Tuesday, December 03, 2013

Subsidies and Penalties for Obamacare only to Apply in States with State Run Exchanges?

From Oklahoma Attorney General Scott Pruitt in the Wall Street Journal:
While the president's health law is vast and extraordinarily complex, it is in one respect very simple. Subsidies are only to be made available, and tax penalties for not signing up for health insurance are only to be assessed, in states that create their own health-care exchange. The IRS, however, is attempting to enforce tax penalties in all states—including Oklahoma and the majority of the other states that have declined to create their own exchanges.
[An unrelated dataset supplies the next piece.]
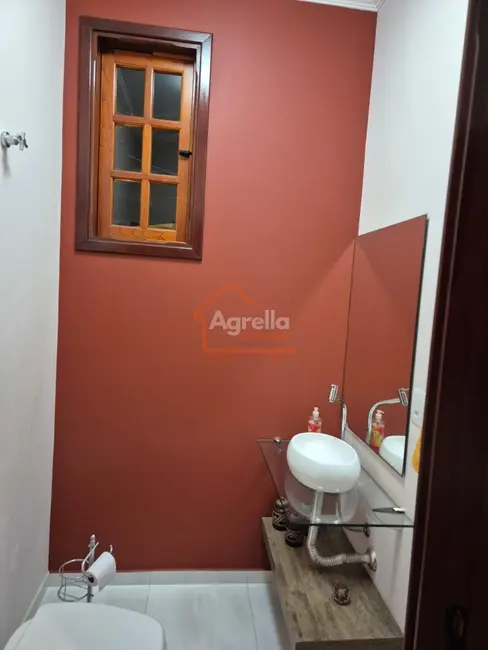 Foto 8 de Casa com 3 quartos à venda, 300m2 em Jardim Jacira, Mogi Guacu - SP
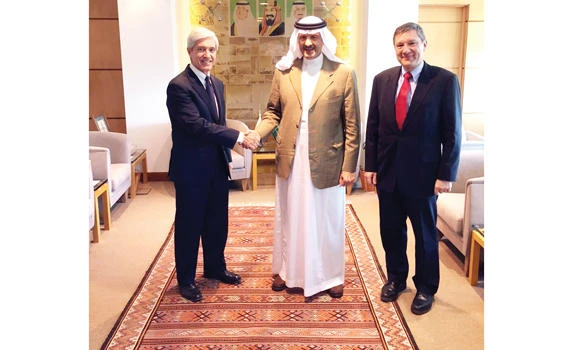 Prince Sultan meets Exxon Mobil chief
Citizens and businesses in these states must use the federal exchange instead.

The distinction is critical, because under the terms of the law it is the availability of government insurance-premium subsidies that triggers the penalties against businesses if they fail to provide their employees with health insurance that the administration deems acceptable.
H/T Byron York

Update: Here's the Cato Institute's take on the issue.

H/T WSJ commenter Teresa Rich

4 comments:

MAX Redline said...

Good catch! Unsurprising that IRS would attempt to rewrite the law; EPA, after all, tries that all the time.

T. D. said...

Max, I follow Byron York's tweets. He catches a lot of interesting things (and makes me look good :-).

From what the Cato Institute paper says, standing to challenge seems like a key issue. Regulatory agencies get away with lots of unchallengeable rule and spending changes because merely being a taxpayer isn't enough to trigger standing because a taxpayer's interest is "minute and indeterminable". But, since giving away subsidies triggers the employer mandate with its clear penalties and individual loss of the "affordability exemption" from the individual mandate, employers and individuals should have standing to challenge these new rules. (pp. 188-194)

MAX Redline said...

Yep, EPA just lost a case this year because they asserted that the folks they were hassling lacked "standing", TD. The courts ruled otherwise; it involved a couple in (Wyoming?) who'd purchased land, had it examined by various inspectors who found it buildable, and began building their dream home. EPA stepped in and declared it a wetland, asserted that they had control, ordered them to tear out and remediate the "damage" and threatend fines of $37,000 a day if they failed to comply.

They had to take the EPA to federal court in order to win the right to appeal the EPA decisions.

T. D. said...

Yes, the regulatory federal structure is out of control. Congress should step in. Republic and Democratic presidents haven't. It's definitely last ditch to leave it up to the courts.